■ **What to produce**
In the entries below, every line with the string "Female" is to be reported.

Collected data

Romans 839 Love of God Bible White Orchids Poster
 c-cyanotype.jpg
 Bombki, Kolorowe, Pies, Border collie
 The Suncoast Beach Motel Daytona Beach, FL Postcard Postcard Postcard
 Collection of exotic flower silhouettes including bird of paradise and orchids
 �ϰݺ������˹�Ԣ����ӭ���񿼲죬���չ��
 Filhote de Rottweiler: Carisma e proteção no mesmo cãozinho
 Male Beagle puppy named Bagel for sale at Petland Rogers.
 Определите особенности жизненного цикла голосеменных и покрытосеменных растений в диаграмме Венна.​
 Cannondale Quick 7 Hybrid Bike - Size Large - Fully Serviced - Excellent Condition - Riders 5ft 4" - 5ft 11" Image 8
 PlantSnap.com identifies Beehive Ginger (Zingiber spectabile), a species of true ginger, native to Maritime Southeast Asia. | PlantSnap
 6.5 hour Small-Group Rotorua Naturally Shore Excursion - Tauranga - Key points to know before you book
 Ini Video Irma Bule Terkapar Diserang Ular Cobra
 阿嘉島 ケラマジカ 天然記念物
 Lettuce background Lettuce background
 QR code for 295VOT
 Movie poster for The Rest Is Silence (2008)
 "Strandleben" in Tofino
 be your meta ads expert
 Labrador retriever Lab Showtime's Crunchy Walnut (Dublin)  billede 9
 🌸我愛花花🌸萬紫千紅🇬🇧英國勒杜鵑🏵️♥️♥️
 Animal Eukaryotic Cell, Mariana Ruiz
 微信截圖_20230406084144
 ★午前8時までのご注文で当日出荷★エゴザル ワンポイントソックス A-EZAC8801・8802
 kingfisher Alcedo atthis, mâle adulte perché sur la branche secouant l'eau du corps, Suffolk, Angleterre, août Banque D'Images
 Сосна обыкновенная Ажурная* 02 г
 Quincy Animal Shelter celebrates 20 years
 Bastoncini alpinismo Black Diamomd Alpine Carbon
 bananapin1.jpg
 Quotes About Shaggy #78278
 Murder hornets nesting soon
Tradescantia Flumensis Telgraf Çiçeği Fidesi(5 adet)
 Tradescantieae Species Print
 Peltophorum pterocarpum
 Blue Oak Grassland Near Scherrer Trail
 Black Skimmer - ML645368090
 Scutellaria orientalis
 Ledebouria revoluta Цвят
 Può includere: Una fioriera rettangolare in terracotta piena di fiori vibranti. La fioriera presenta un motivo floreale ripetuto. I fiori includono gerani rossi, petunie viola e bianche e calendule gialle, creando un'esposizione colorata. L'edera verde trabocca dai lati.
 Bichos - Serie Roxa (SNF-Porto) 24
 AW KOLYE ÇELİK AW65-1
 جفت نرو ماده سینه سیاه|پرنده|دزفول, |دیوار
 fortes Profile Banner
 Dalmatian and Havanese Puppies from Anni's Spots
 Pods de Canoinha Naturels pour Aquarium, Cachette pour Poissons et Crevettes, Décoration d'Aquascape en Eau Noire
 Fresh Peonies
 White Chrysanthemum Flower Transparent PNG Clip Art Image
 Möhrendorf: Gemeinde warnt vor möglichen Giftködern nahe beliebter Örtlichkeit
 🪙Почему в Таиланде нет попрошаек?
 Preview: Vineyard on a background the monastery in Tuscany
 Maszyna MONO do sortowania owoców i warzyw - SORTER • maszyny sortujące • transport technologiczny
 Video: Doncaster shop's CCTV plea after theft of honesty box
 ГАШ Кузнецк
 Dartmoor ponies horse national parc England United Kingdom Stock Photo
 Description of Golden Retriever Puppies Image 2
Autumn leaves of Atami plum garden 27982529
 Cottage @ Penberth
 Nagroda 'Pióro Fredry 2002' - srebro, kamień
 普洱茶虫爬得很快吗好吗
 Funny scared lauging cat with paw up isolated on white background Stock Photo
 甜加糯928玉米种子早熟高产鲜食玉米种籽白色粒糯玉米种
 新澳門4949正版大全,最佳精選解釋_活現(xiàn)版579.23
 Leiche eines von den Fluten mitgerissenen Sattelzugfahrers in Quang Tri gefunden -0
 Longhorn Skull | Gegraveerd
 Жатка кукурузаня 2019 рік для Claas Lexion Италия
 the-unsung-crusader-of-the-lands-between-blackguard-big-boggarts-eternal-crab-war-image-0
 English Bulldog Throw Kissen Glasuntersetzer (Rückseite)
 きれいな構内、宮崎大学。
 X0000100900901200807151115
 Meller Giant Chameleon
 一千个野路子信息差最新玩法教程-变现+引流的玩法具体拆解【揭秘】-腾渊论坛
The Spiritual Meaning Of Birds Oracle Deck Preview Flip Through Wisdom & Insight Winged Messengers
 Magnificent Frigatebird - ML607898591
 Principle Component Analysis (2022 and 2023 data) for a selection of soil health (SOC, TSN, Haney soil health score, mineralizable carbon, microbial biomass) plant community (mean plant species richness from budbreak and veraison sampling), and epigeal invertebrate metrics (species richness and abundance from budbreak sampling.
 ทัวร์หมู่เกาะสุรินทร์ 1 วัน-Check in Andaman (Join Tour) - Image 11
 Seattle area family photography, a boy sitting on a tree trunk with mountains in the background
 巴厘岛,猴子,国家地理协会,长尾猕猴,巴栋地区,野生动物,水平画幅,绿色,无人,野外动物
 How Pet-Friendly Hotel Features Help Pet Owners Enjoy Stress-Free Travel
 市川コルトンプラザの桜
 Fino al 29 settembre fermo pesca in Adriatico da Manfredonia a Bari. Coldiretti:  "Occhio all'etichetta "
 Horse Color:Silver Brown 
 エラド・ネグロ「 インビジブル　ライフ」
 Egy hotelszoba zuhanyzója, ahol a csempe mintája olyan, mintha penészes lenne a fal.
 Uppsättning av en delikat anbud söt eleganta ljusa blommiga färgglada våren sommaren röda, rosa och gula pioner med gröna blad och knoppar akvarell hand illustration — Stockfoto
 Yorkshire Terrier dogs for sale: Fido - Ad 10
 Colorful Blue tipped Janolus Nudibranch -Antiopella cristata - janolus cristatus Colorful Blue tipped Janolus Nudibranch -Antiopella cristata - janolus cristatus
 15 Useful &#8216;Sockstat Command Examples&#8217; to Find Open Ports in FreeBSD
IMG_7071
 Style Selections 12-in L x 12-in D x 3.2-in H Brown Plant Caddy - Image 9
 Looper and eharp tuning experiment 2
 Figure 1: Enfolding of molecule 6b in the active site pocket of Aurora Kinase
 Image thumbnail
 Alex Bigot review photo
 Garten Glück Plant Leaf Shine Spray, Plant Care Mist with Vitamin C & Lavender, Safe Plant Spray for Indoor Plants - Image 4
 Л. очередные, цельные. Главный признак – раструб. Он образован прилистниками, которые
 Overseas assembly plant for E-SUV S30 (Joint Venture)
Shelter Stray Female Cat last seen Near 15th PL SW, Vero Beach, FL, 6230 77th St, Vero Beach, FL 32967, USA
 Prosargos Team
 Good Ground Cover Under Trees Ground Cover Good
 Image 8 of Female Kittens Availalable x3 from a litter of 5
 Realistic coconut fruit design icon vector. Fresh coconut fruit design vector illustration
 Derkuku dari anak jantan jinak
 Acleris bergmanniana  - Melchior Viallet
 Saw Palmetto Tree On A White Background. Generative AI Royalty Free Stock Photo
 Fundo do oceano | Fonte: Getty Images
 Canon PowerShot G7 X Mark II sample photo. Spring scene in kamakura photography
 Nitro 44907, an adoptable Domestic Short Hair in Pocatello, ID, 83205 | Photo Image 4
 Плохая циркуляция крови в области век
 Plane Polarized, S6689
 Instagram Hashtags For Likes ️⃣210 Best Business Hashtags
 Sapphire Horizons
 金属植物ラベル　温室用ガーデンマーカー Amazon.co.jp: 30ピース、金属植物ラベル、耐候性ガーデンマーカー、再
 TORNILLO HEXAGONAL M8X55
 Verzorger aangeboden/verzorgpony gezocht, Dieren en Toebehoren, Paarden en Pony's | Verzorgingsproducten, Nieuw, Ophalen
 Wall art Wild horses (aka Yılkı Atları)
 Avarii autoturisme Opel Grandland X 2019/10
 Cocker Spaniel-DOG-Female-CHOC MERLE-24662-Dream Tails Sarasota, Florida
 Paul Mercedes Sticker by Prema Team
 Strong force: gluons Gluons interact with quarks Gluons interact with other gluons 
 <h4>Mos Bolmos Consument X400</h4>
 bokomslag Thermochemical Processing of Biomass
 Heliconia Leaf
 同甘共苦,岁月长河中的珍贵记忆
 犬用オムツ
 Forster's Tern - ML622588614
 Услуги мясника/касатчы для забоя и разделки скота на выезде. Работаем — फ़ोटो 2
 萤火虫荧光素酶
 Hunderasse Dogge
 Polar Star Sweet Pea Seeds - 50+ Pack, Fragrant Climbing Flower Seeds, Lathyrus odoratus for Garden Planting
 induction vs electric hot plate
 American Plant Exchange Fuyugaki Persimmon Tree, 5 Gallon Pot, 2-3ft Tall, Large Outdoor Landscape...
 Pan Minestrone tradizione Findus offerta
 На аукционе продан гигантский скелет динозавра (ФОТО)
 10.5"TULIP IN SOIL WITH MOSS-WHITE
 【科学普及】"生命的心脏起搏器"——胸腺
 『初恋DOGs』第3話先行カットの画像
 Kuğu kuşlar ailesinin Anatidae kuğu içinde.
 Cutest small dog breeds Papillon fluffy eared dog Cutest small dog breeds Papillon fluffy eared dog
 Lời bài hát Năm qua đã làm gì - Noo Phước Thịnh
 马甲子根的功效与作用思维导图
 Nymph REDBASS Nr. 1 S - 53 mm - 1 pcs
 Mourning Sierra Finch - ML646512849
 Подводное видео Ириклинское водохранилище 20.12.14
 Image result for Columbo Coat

■ **Answer**
Shelter Stray Female Cat last seen Near 15th PL SW, Vero Beach, FL, 6230 77th St, Vero Beach, FL 32967, USA
 Image 8 of Female Kittens Availalable x3 from a litter of 5
 Cocker Spaniel-DOG-Female-CHOC MERLE-24662-Dream Tails Sarasota, Florida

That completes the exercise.